Desire as Belief, was published with Oxford University Press in July 2021. If you'd like a sample, OUP have kindly agreed to make chapter 1 available for free. The whole thing is available in print, and also via Oxford Scholarship Online.

For short descriptions of the content, click below.

Overview

What is it to want something? Or, as philosophers might ask, what is a desire? The book defends “desire-as-belief”, the view that desires are just a special subset of our beliefs: normative beliefs. This view entitles us to accept orthodox models of human motivation and rationality that explain those things with reference to desire, but nonetheless to make room for our normative beliefs to play a role in those domains. And this view tells us to diverge from the orthodox view on which desires themselves can never be right or wrong. Rather, according to desire-as-belief, our desires can themselves be assessed for their accuracy, and they are wrong when they misrepresent normative features of the world. Hume says that it is not contrary to reason to prefer the destruction of the whole world to the scratching of your finger, but he is wrong: it is foolish to prefer the destruction of the whole world to the scratching of your finger, and this is foolish because this preference misrepresents the relative worth of these things. The book mounts a defence of these ideas.

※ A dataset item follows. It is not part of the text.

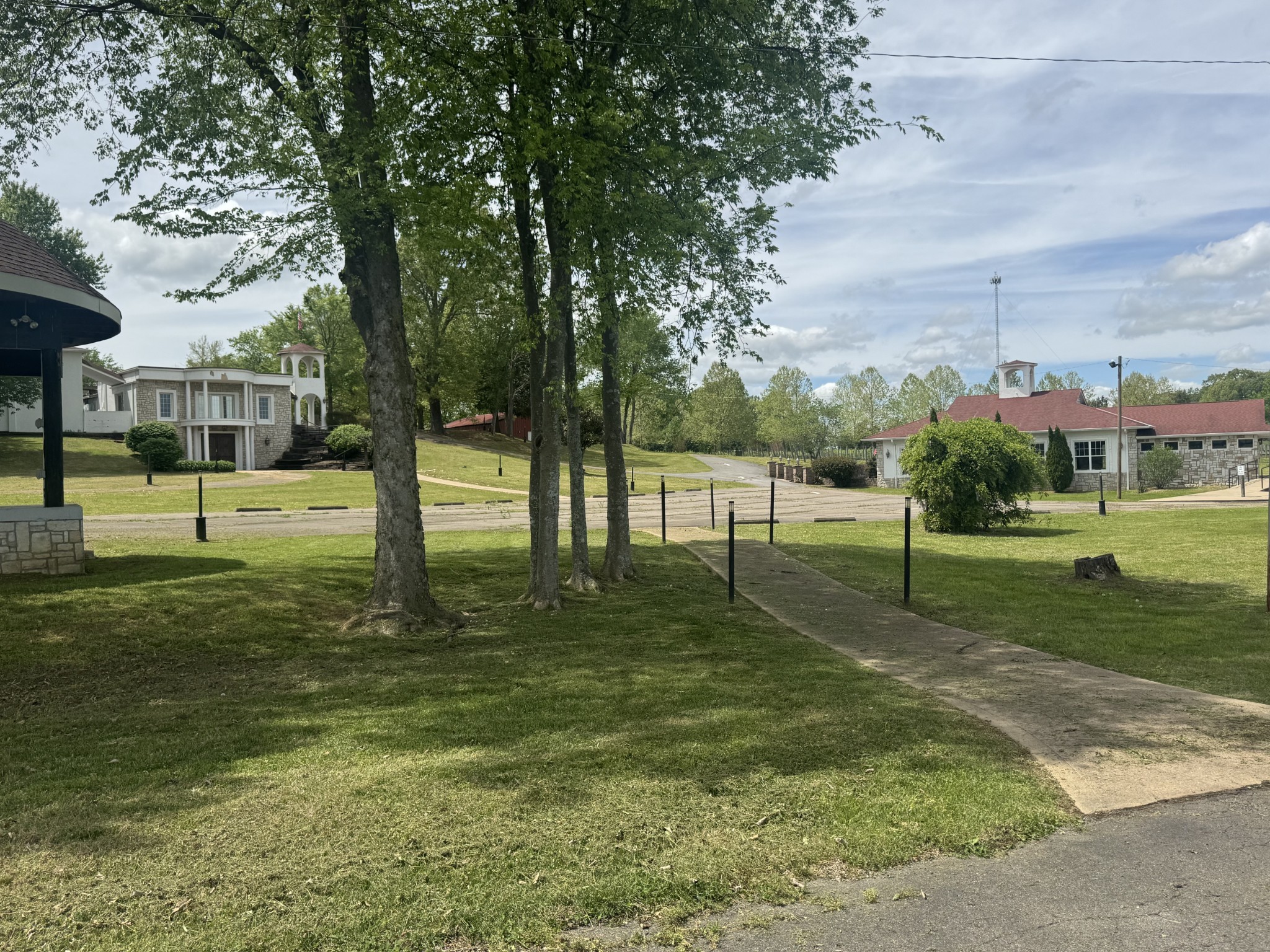 Paris, Tennessee, 38242, United States, ,Residential,For Sale,1996417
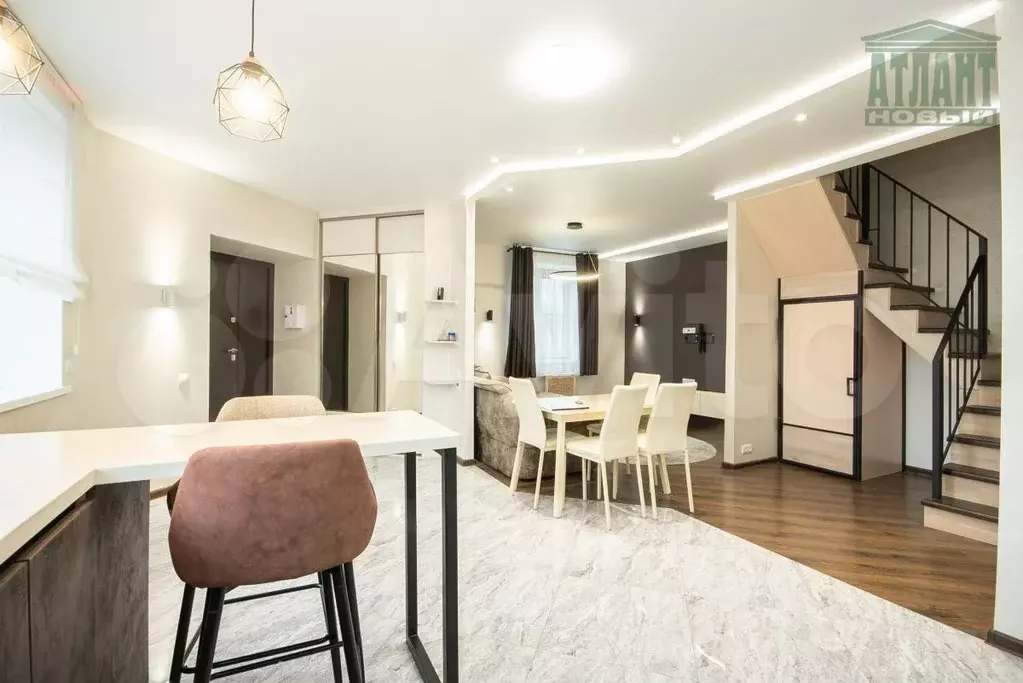 3-к. квартира, 90 м, 1/5 эт. - Фото 1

Chapter 1: What is Desire-as-Belief?

This chapter describes the version of desire-as-belief that I defend. Roughly, I say that just as "disbelieves P" is shorthand for "believes not-P", "desires P" is shorthand for "believes has reason to bring about P". I explain how this view is consistent with the opposing "directions of fit" of belief and desire, and mention some broad attractions of the view and general strategies for defending it. Along the way, I explain how the view permits that it is rational to have conflicting desires.

Chapter 2: Desire and Motivation

This chapter and the next combine to provide an argument for desire-as-belief. But this chapter itself just focuses on more general questions about desire and motivation. I defend "ODM", the view that only desires can motivate us. This view is a part of the Humean orthodoxy, and a part that I accept. The chapter argues for ODM and defends it from various objections.

Chapter 3: Normative Judgement and Motivation

You might believe that you ought to exercise or that Sarah has some reason to eat more porridge. I argue that such normative beliefs have a special connection with motivation, though this connection has often misdescribed and so this kind of "judgement internalism" thereby underestimated. I then combine thoughts about this connection with the claims in the previous chapter, in order to generate an argument that seems to favour either non-cognitivism or else desire-as-belief. The remainder of the chapter explains why the argument really counts in favour of desire-as-belief, and against non-cognitivism. The basic concern is that non-cognitivism makes poor sense of our normative beliefs about other people.

Chapter 4: Desire and Rationality

This chapter develops a second argument for desire-as-belief. It is rational to respond to your desires. Why is this true? Standard dispositional accounts of desire fail to explain why. But desire-as-belief can, by appeal to a widely accepted enkratic principle, according to which it is rational to respond to your own normative beliefs. The chapter goes on to explain how this reasoning strongly favours desire-as-belief over "presentationalism", a recent rival view on which desires are more akin to perceptual states than beliefs.

Chapter 5: Irrationality

A classic objection to desire-as-belief appeals to irrationality in desire. It might seem that we can believe we have reason to do things but without desiring to do them (perhaps: giving money to charity), and that we can desire to do things without believing we have reason to do them (perhaps: eating yet another slice of cake). This chapter responds to many such objections, especially worries about desire-as-belief and akrasia.

Chapter 6: The Guise of the Normative

This chapter first contrasts desire-as-belief with the "besire" theory, arguing that the former is superior. It then discusses possible ways in which desires might be constrained by our normative beliefs. Desire-as-belief commits us to one such constraint: that you can only desire something if you believe you have reason to bring it about. I argue that this constraint is plausible, and more plausible than the idea that you can only desire something if you believe it good. Distinguishing these claims also allows us to see that desire-as-belief permits various kinds of divergence between our desires and *some* of our normative beliefs. Along the way, the chapter also discusses some related questions about variation in desire between people, and the distinction between wanting, wishing, and hoping.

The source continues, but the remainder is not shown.